Your instructions: Leave the images aside and repeat the whole listing exactly.

Dataset extract:
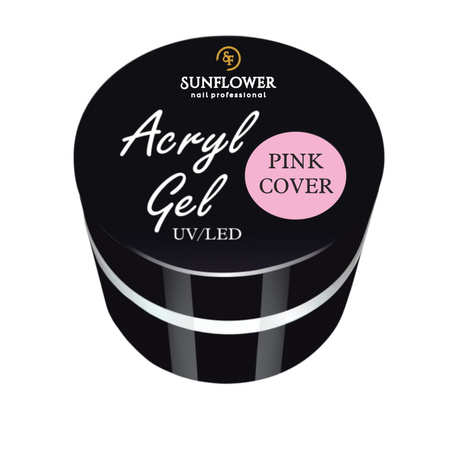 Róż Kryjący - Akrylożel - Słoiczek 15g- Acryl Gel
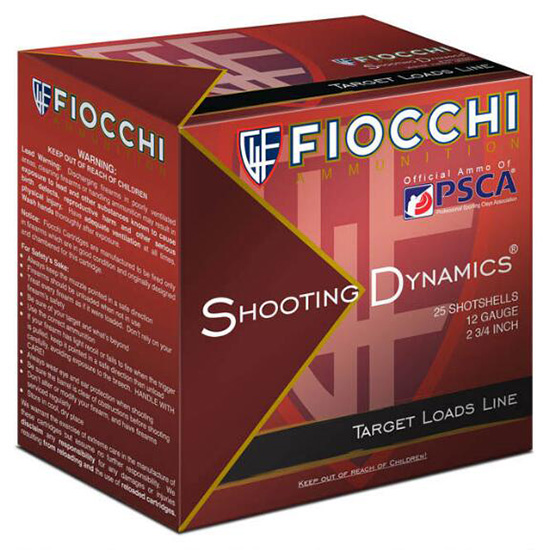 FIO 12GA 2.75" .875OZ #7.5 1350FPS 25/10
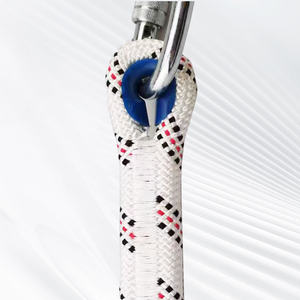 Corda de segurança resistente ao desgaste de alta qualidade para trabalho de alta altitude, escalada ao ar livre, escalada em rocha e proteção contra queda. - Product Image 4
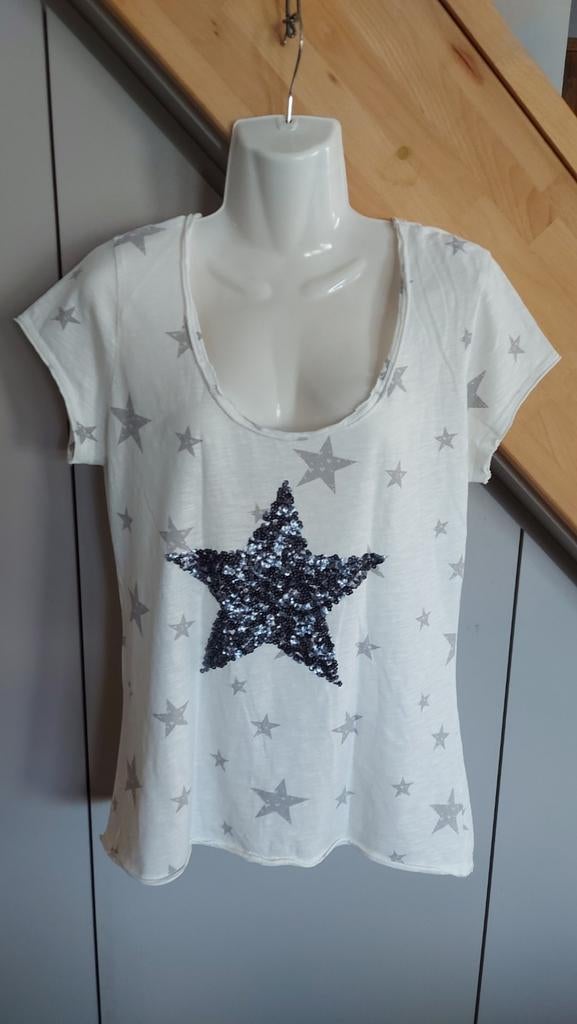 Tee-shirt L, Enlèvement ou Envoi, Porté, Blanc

Your solution:
 Róż Kryjący - Akrylożel - Słoiczek 15g- Acryl Gel
 FIO 12GA 2.75" .875OZ #7.5 1350FPS 25/10
 Corda de segurança resistente ao desgaste de alta qualidade para trabalho de alta altitude, escalada ao ar livre, escalada em rocha e proteção contra queda. - Product Image 4
 Tee-shirt L, Enlèvement ou Envoi, Porté, Blanc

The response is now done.